What lines in the entries below contain the word "from"? Copy all of them.

*** THE RECORDS Section Begins ***

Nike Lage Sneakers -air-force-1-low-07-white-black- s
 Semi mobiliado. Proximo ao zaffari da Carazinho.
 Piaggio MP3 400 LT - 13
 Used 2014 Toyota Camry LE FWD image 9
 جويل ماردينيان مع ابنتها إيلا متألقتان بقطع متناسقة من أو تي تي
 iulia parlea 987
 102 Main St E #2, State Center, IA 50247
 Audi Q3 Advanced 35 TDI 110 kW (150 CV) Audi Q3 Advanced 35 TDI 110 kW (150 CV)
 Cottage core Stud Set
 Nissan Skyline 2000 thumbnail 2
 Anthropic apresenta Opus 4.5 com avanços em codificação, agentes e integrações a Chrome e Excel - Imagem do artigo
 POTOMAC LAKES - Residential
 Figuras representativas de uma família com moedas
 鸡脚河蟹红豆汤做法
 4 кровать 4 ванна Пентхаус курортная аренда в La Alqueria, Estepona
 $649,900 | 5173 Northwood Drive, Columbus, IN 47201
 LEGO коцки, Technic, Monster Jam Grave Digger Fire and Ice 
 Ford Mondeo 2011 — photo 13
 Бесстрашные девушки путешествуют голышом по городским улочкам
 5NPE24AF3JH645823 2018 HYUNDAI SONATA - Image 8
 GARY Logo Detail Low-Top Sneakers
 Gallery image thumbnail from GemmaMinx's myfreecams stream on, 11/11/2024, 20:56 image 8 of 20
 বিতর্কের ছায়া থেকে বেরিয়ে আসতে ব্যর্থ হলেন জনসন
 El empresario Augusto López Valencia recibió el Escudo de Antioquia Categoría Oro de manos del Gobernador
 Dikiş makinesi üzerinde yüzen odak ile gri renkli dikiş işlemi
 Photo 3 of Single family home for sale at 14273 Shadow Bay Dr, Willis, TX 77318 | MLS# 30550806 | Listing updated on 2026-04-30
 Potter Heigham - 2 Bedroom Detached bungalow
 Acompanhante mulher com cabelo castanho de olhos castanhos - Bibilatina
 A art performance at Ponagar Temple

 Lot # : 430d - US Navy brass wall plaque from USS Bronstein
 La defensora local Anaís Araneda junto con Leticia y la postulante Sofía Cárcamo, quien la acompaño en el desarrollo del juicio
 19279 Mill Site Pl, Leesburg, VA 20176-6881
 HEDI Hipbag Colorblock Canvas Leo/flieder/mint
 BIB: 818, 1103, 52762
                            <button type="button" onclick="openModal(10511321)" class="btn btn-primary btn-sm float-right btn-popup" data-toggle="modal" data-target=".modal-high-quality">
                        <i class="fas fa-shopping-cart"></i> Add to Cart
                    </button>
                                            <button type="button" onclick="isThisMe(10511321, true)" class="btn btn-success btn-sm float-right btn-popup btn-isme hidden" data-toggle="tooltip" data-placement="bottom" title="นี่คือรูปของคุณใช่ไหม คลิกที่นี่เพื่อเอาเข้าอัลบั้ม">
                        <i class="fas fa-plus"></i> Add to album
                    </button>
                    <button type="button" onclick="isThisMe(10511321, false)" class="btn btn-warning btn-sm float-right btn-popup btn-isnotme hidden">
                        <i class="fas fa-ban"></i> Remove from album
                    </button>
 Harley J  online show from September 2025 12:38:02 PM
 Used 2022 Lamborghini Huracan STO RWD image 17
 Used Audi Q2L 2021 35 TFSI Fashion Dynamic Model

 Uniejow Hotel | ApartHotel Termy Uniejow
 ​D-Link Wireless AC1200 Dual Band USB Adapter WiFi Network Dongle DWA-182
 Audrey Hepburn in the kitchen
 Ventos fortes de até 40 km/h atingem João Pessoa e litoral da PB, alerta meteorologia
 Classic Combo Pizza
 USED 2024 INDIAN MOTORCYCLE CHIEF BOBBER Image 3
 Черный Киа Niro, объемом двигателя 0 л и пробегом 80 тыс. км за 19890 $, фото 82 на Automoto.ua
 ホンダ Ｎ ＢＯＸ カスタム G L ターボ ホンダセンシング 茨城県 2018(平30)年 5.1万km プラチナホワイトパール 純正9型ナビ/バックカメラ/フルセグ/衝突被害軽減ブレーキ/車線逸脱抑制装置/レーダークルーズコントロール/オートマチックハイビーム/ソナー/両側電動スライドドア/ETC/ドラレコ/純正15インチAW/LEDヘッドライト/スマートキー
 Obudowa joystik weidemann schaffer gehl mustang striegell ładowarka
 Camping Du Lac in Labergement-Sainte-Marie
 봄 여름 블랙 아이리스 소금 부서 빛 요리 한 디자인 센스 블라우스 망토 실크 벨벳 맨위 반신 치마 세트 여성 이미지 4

*** THE RECORDS Section Ends ***

**RESPONSE AREA:**
 Gallery image thumbnail from GemmaMinx's myfreecams stream on, 11/11/2024, 20:56 image 8 of 20
 Lot # : 430d - US Navy brass wall plaque from USS Bronstein
                        <i class="fas fa-ban"></i> Remove from album
 Harley J  online show from September 2025 12:38:02 PM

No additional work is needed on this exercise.